まず、陳謝。
先日見た映画「悪人」の感想の中で、妻夫木聡は、「心優しきイケメン」の役柄は外れない俳優だと申し上げてしまいました。
まあ、確かにそういう作品も多いのは事実ですが、申し訳ない、この映画での彼はちょっと違いました。
この作品で、彼が演じたのは「カエル男」。
こういうキャラものは、本来は、小栗旬にまわるのが普通なのですが、この映画での彼は、珍しく等身大の刑事役。
そして、この「ミュージアム」で、コミックキャラのダークヒーローを嬉々として演じたのは妻夫木聡。
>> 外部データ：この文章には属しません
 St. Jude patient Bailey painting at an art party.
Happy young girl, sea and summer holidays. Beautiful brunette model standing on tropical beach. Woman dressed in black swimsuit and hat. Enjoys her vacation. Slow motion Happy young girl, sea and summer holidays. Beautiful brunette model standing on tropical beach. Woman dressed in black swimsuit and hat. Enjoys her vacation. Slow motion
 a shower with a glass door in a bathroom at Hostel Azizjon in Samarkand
この映画での彼の役に、今までの彼のイメージは微塵もなし。
快楽殺人に自己陶酔するクレイジーなシリアルキラーになりきって、従来の妻夫木イメージを完全破壊。
見事に振り切っていました。
前半はカエル男のマスク、後半は、スキンヘッド。
エンドロールで、彼の名前が出てくるまでは、最後までそれが彼とはわからないほど、甘い二枚目のイメージは封印した完全怪物メイク。
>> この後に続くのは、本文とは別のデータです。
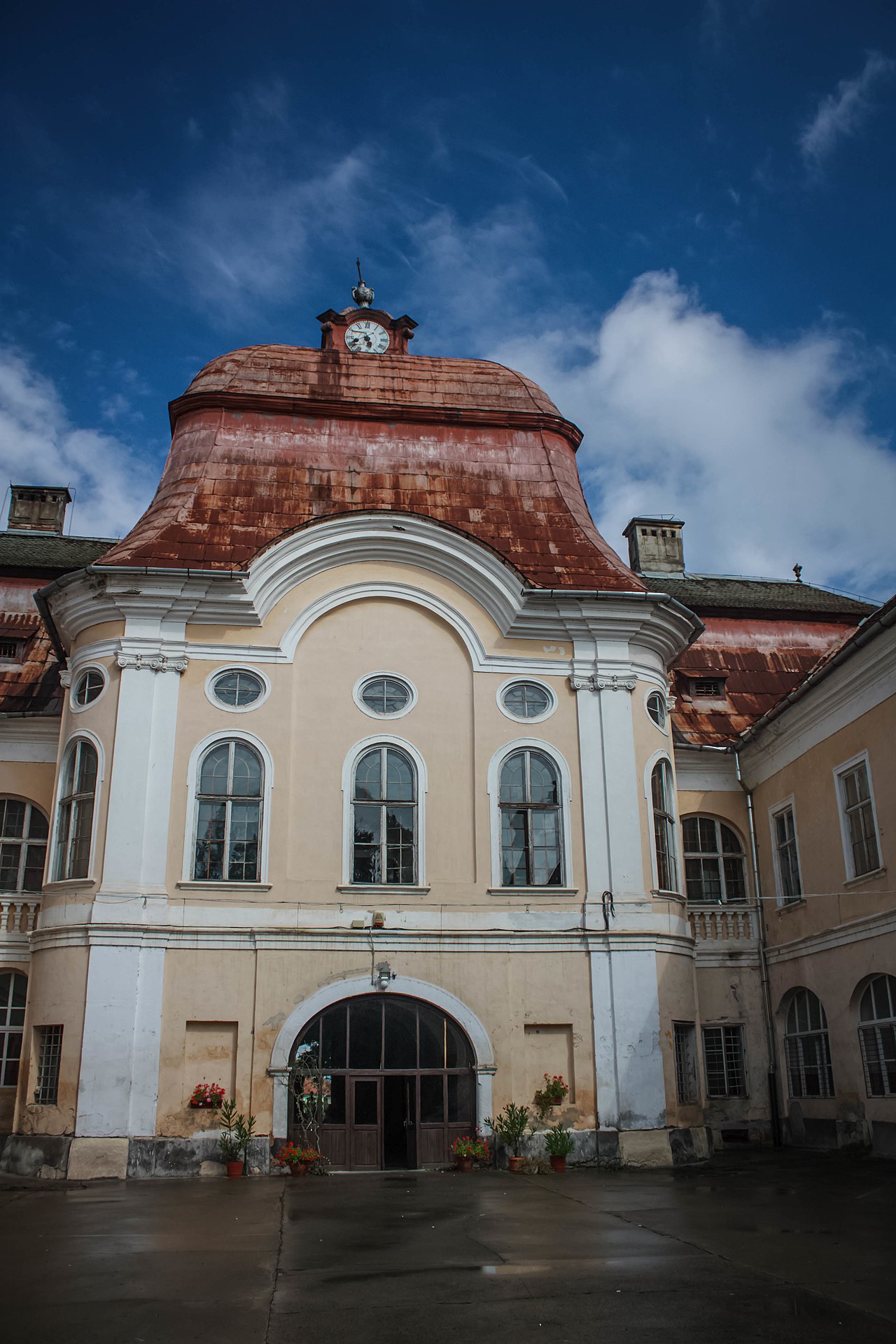 Pavilionul central, ferestre arcuite și acoperișul cu ceas, văzute frontal.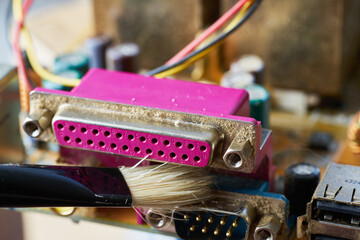 Brush cleaning an old computer board from dust and dirt. Close-up.
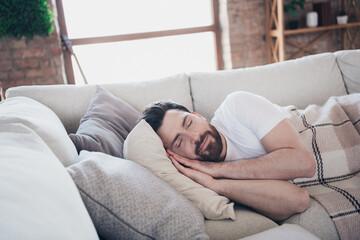 Photo of young man lying on soft comfy divan sleeping calm weekend indoors home room apartment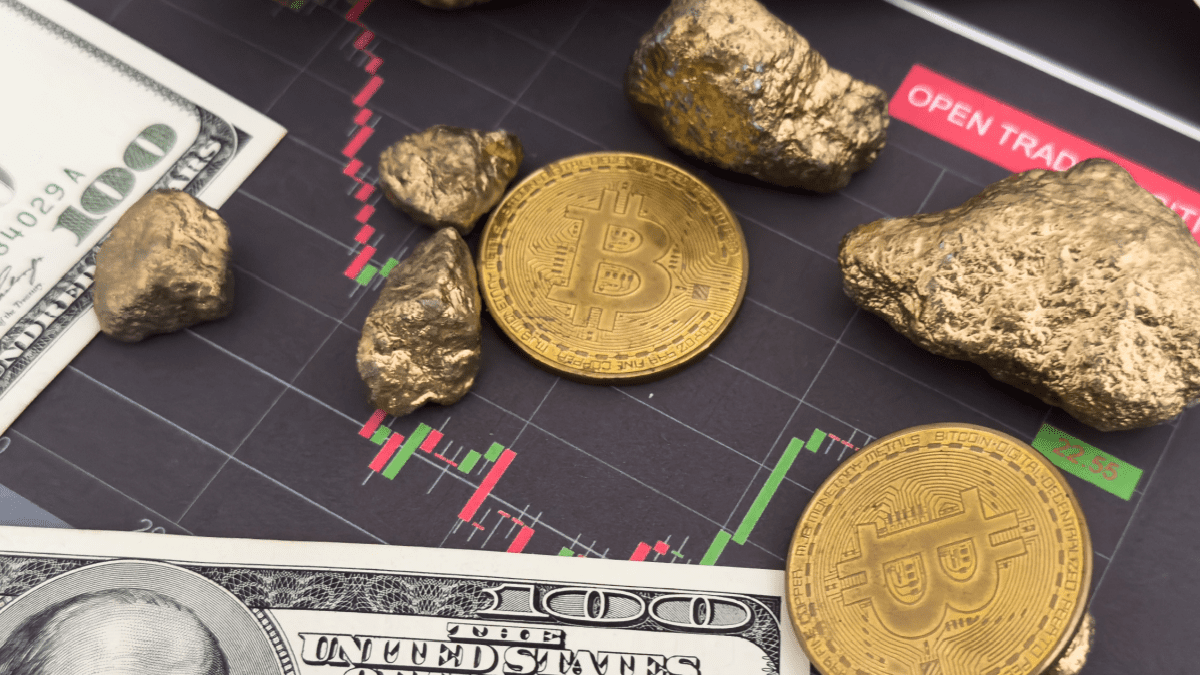 Bitcoins goudklompen dollars en een koersgrafiek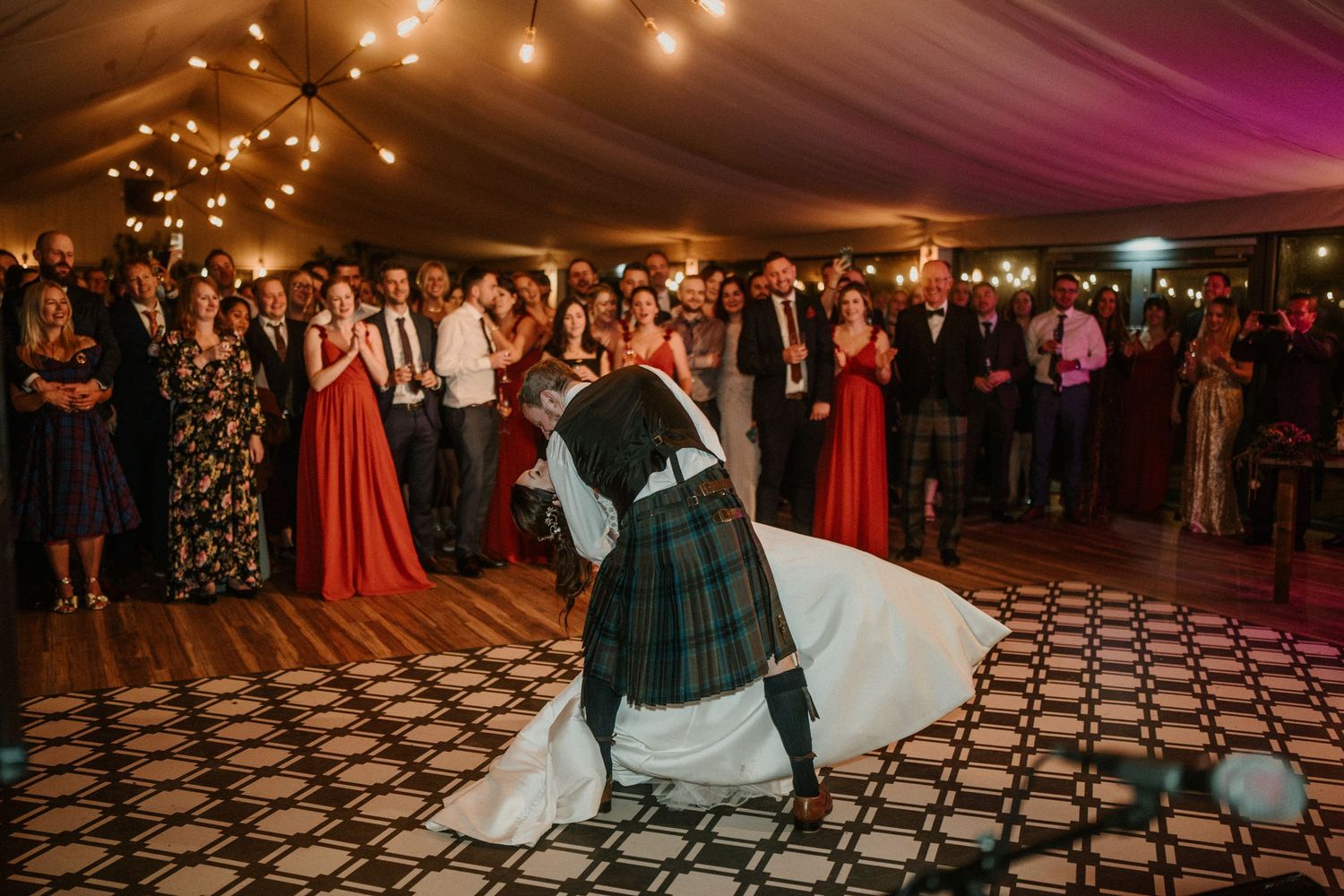 A Scottish wedding celebration with guests watching the couple dance on a patterned floor.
声も完全に、彼とはわからないほどに作り込んでいました。
ドラキュラのベラ・ルゴシ。
フランケンシュタインの怪物のボリス・カーロフ。
ノートルダムのせむし男カシモドのチャールズ・ロートン。
名だたる怪物俳優と並べても遜色ない怪物ぶりでした。
名も売れた旬の俳優たちの多くは、レッテルを貼られるのを嫌がり、時としてこういう冒険キャスティングにも挑むものですが、これはあっぱれ。
しかし、ここまで俳優のイメージを破壊して、このキャラを作り込んだのなら、誰が演じたかを最後まで公表しないというのも面白かったかも。
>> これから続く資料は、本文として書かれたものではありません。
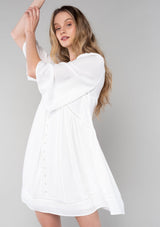 [Color: Vanilla] A half body front facing image of a blonde model wearing a bohemian white flowy baby doll mini dress. A spring dress with half length flared sleeves, a v neckline, a self covered button front, and lattice trim. 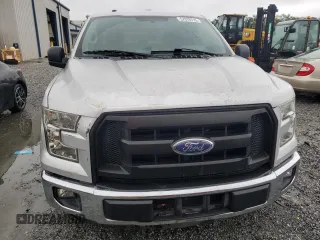2015 Ford F-150 XLT with VIN 1FTEX1EP1FKF19892, listed as a Copart auction lot 57976715 with 179,507 mi miles and Salvage title. Bid and sale history available at DreamBid. Image 5.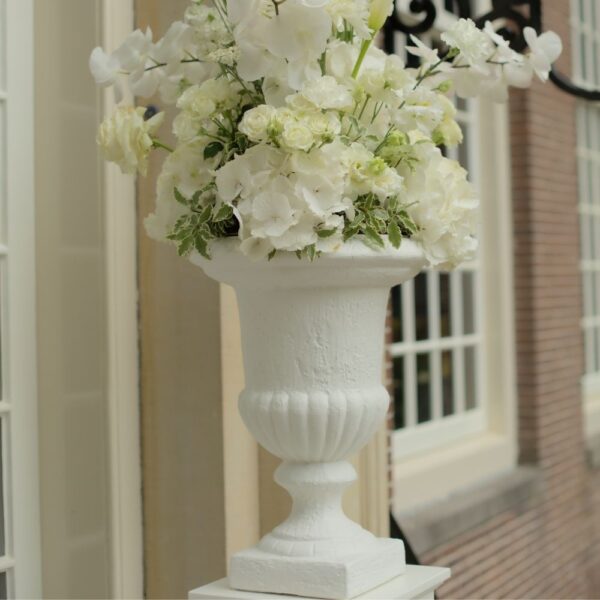 Klassieke witte vaas met bloemstuk voor ceremonie of entree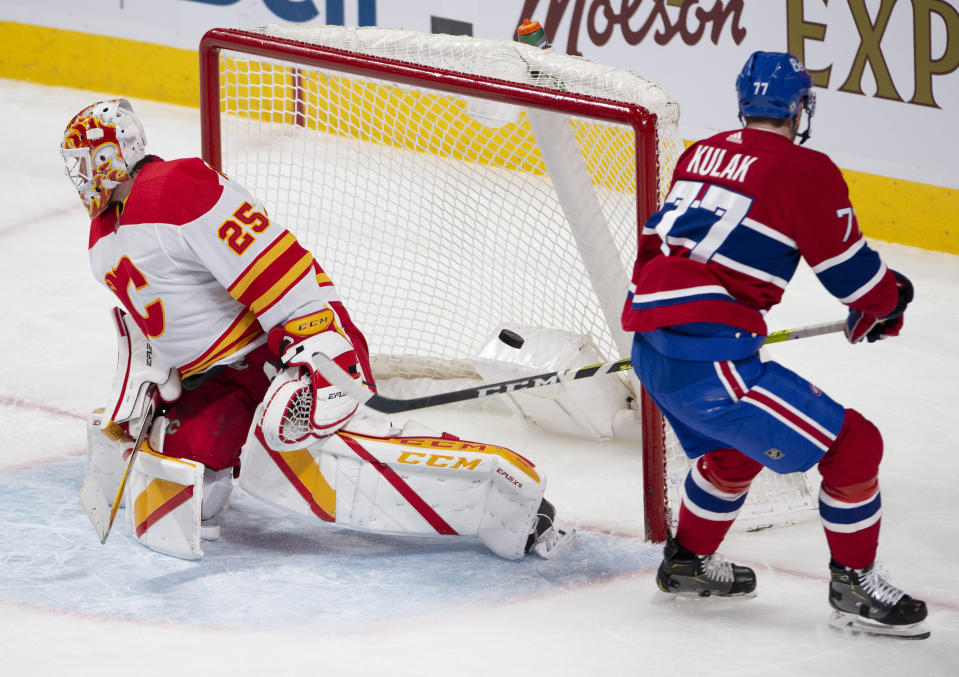 Montreal Canadiens' Brett Kulak (77) scores on Calgary Flames goaltender Jacob Markstrom (25) during the second period of an NHL hockey game Wednesday, April 14, 2021 in Montreal. (Ryan Remiorz/Canadian Press via AP)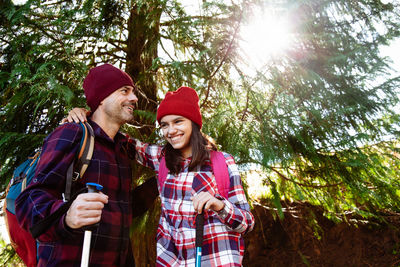 Young couple kissing against trees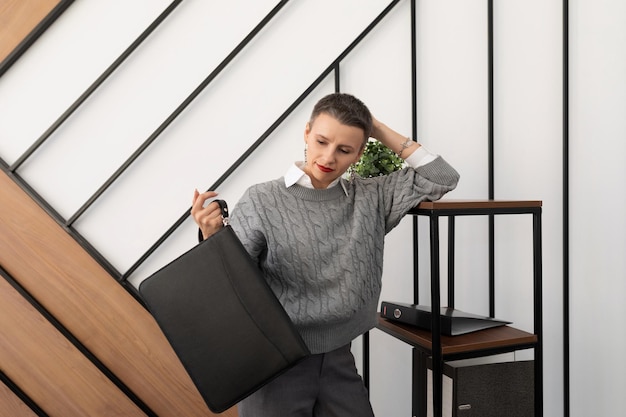 Mujer de negocios en la oficina con un maletín de cuero para documentos en sus manos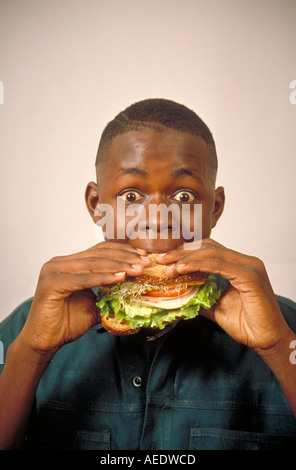 Young black man eating a sandwich St Paul Minnesota Stock Photo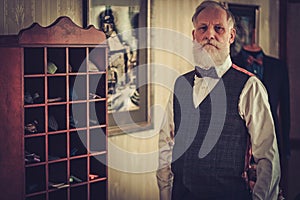 Senior man and custom made bow ties and neckties. photo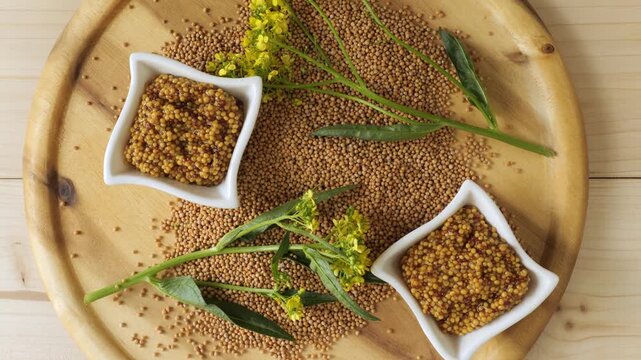 Wholegrain mustard with seeds and flowers on wooden plate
もしもヒッチコックだったら、映画の最後で、おそらく観客に向かってこういいましたね。
「こう映画を見た方は、この犯人を演じた役者が誰だったかは、けっして誰にも言わないでください。」
映画は、2016年製作。
この手の映画のほとんどそうであるように、原作は「週刊ヤングマガジン」に連載された巴亮介の漫画。
そうそう。
回想シーンに出てくる小栗旬演じる澤村刑事の父親役に大森南明。
彼が殉職するシーンでニヤリ。
あれは、完全に松田優作でした。